Maryland-based Rekor Systems Inc. has started offering home video surveillance software through a service called Watchman, starting at $5 a month. In addition to reading a license plate, the system can record a vehicle’s make, color, and body type. In October, Rekor will launch what it says is a “first of its kind” mobile app, which will let users scan license plates with their phone camera. The app could come in handy for schools, to “securely identify valid visitors for student pickup lines” or to manage cars in parking lots, among other uses, the company says.

The rise of more casual and cheap surveillance is putting tools once primarily used by law enforcement into the hands of virtually anyone. Privacy advocates worry about how personal information will be stored, shared, and used in the absence of clear legal protections.

Some fear the plate readers could be used to intensify racial profiling. “With residential racial segregation being what it is, it’s not hard to imagine who’s going to be immediately flagged as suspicious and then subject to police scrutiny potentially,” says Nathan Freed Wessler, an attorney at the American Civil Liberties Union.

The U.S. has a patchwork of laws governing the use of license plate readers. At least 16 states have restrictions, according to the nonpartisan National Conference of State Legislatures, including Tennessee, which says the data can only be stored for 90 days. Other states—Maine, for instance—just allow readers for certain public safety purposes.

“As companies get their software hooked up to more and more peoples’ cameras that are already out in the wild, we’re going to see these databases grow in really robust ways, which is troubling,” Wessler says. “The data can reveal information about how someone’s living their life, and all that data is sitting on servers of companies. And there’s not very clear legal protection for a lot of that data.”

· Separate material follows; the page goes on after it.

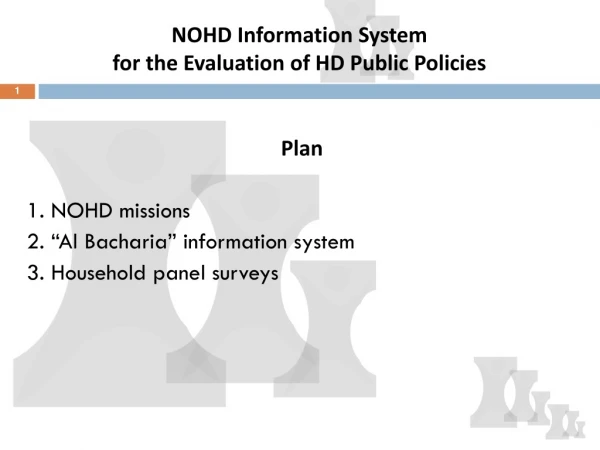 Plan 1. NOHD missions 2. “Al Bacharia” information system 3. Household panel surveys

Rekor Chief Executive Officer Robert Berman says privacy is a “big concern” that the company is doing everything possible to address. It’s only fairly recently entered the market, which includes Motorola’s Vigilant Solutions, Rome-based Leonardo SpA, and other more established companies with stronger links to police departments or the defense industry. While Rekor serves other markets, too, it’s more focused on businesses such as restaurants and financial institutions, Berman says.

In September, Mastercard Inc. announced its AI Powered Drive Through platform, which uses Rekor technology to allow restaurants to build customer profiles from license plates. Restaurants can be notified when a regular customer arrives, display the person’s menu favorites, and pull up payment details. Starting in October, select White Castle fast-food locations will begin testing the readers.

According to Berman, Rekor envisions its software being used to streamline transactions such as paying for gas. A camera next to the pump would scan your license plate and match it with prestored payment information. Privacy issues aside, the company sees an added benefit to its technology during the Covid-19 pandemic: It’s touchless.